TypeError: first_method() takes 0 positional arguments but 1 was given

My understanding is that when you call a method belonging to a particular object, python actually does this instead:

instance.first_method(instance)

But as we haven't given our method any positional arguments, there is an error.

I tried to experiment with this using other classes. I took the string class and tried the same thing.

instance_2=str()
result=instance_2.title()
print(result)

Here there was no error. My reasoning was that in the source code somewhere ( I tried to look and find out myself but I couldn't make sense of it) when defining the title method, it was given a 'self' argument. I.e, in my head I thought the print result code did this:

print(instance_2.title(instance_2))

So 1 argument was required by the method and one was given. I decided to find out how many arguments the title() method actually took by purposefully adding in an extra argument, to see the error message. 

instance_2=str()
result=instance_2.title(instance_2)
print(result)

Here, I figured that I would get an error saying I have given 2 positional arguments but title() only takes 1.

Instead, I got this.

TypeErrorTraceback (most recent call last)
<ipython-input-1-a25ae25c09cc> in <module>()
      1 instance_2=str()
----> 2 result=instance_2.title(instance_2)
      3 print(result)

TypeError: title() takes no arguments (1 given)

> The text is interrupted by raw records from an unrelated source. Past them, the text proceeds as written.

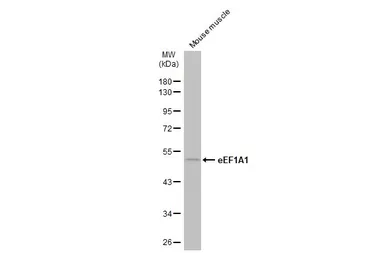 Anti-eEF1A1 antibody [N1C1] used in Western Blot (WB). GTX102285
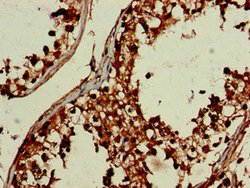 Invitrogen DEPDC1B Polyclonal Antibody 100 μg; Unconjugated:Antibodies,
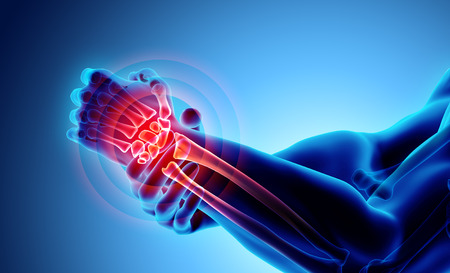 Wrist painful - skeleton x-ray, 3D Illustration medical concept.の写真素材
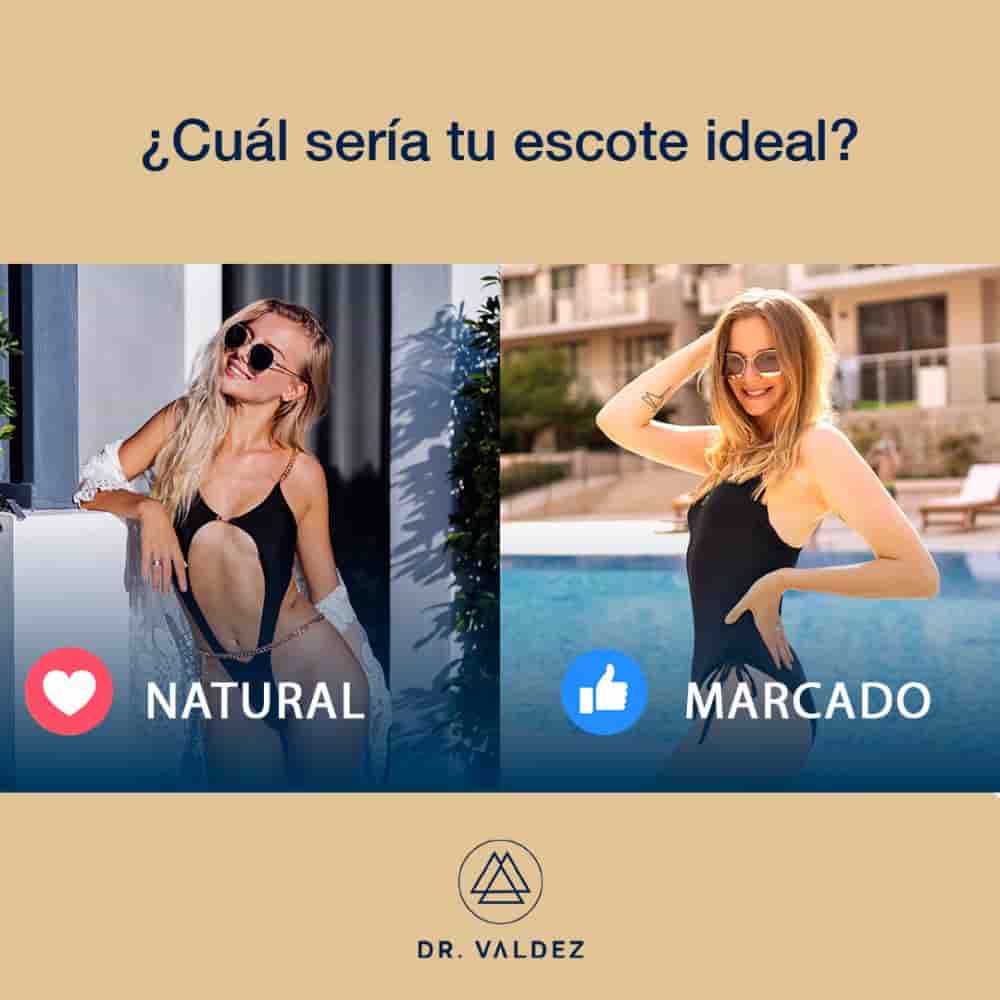 Dr. Arturo Valdez - Plastic Surgery in Cancun en Cancun, Mexico Reseñas de pacientes reales Slider image 5
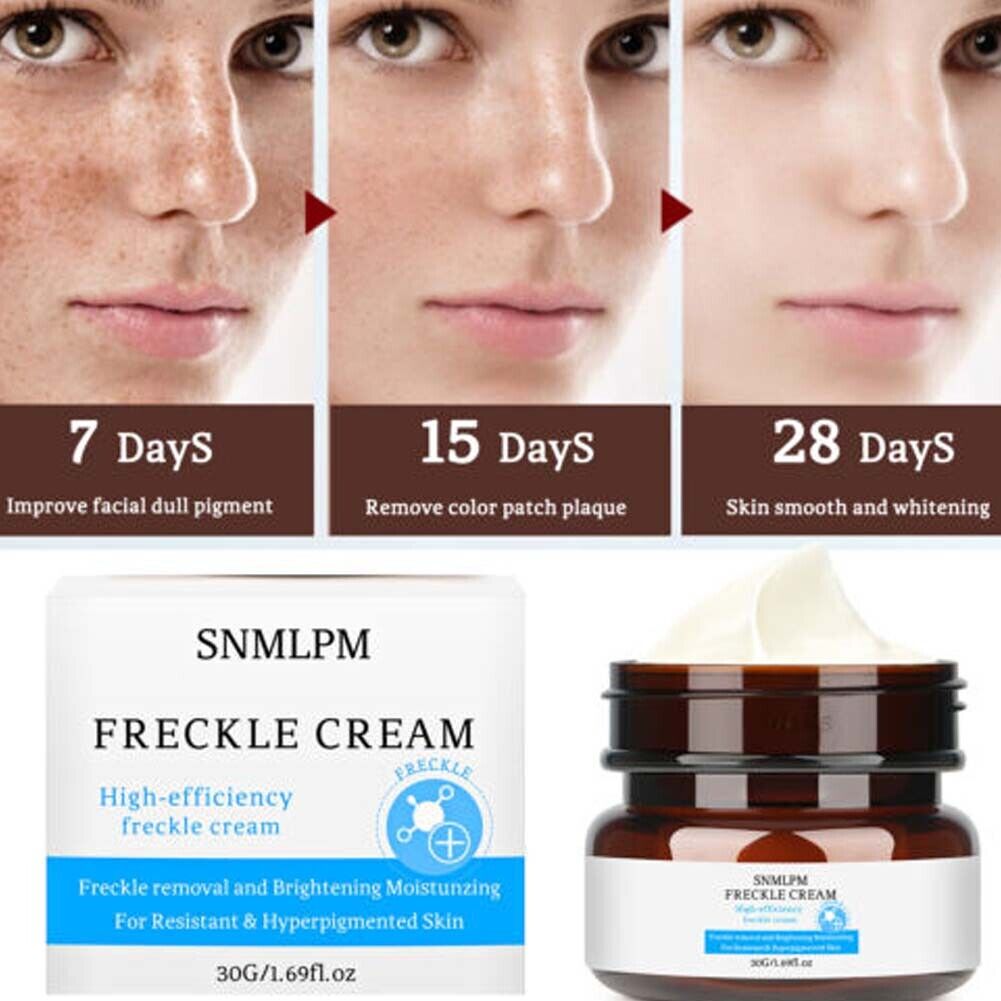 US 1-2 Pcs Whitening Freckle Cream Dark Spot Melasma Moisturize Lotion Corrector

My concerns are why it says I only gave 1 argument when in the very first case, I have none and it still said I gave 1, I assumed 1 was always given by default. This is apparently not so. I even tried doing the same thing (adding an extra argument) to my first code):

class NewList(DQ):
    def first_method():
        print("hello")

instance=NewList()
instance.first_method(instance)

This was the error(skipped the fluff at the start)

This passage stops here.